Problem requirements: Return the listing below verbatim. Pictures do not belong in the copy.

Stored data:
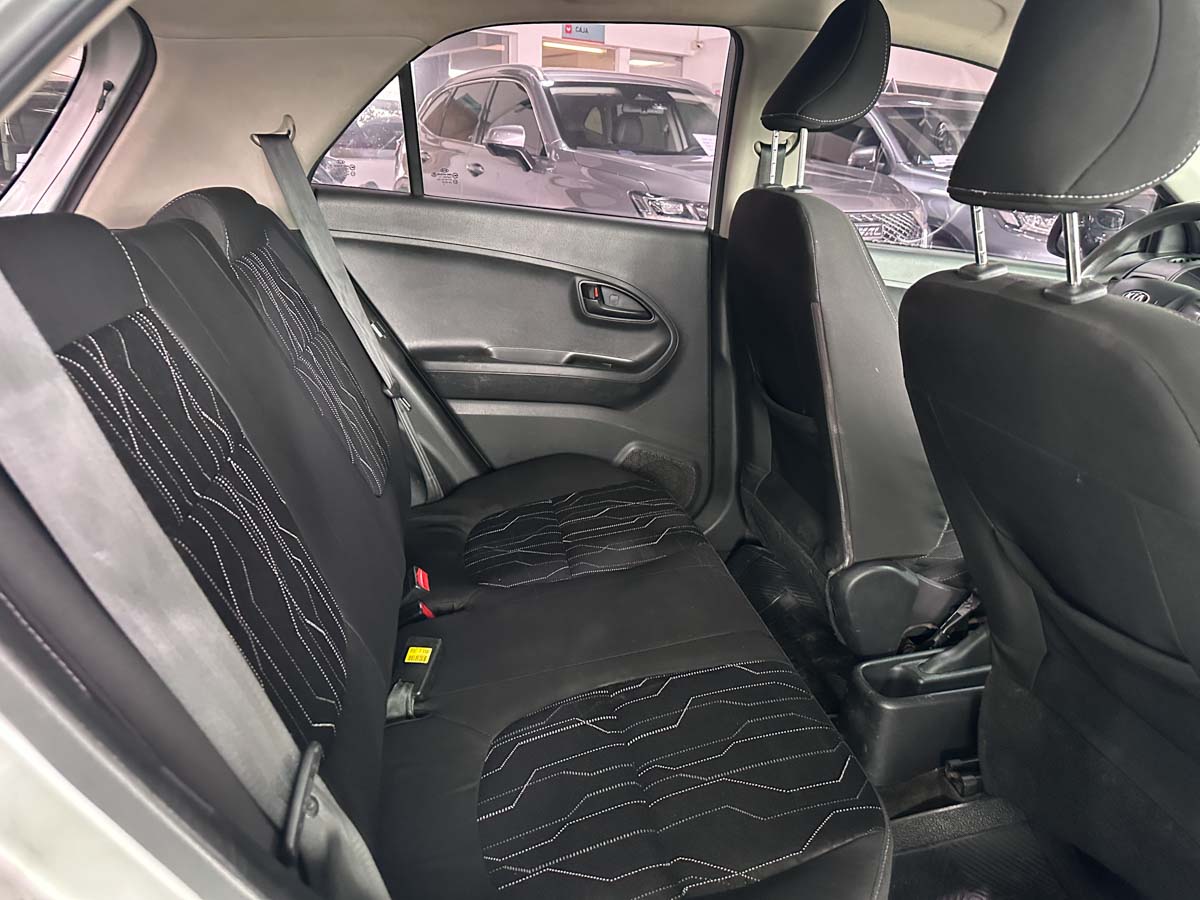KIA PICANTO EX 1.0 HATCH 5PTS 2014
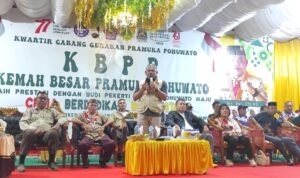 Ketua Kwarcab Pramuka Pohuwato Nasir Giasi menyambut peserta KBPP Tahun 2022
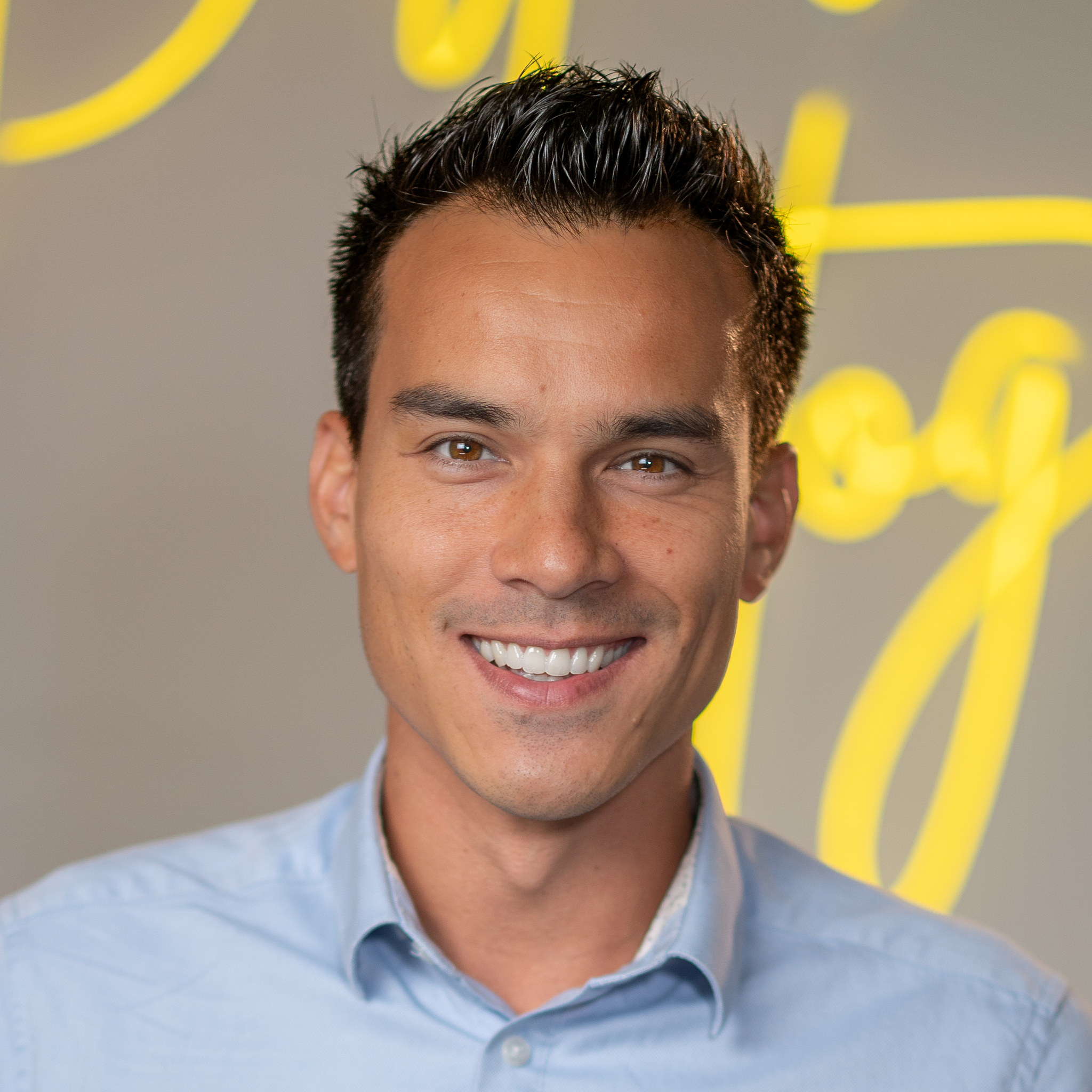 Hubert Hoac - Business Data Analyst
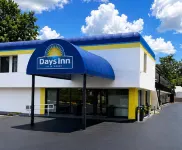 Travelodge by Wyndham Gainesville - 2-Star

Task solution:
KIA PICANTO EX 1.0 HATCH 5PTS 2014
 Ketua Kwarcab Pramuka Pohuwato Nasir Giasi menyambut peserta KBPP Tahun 2022
 Hubert Hoac - Business Data Analyst
 Travelodge by Wyndham Gainesville - 2-Star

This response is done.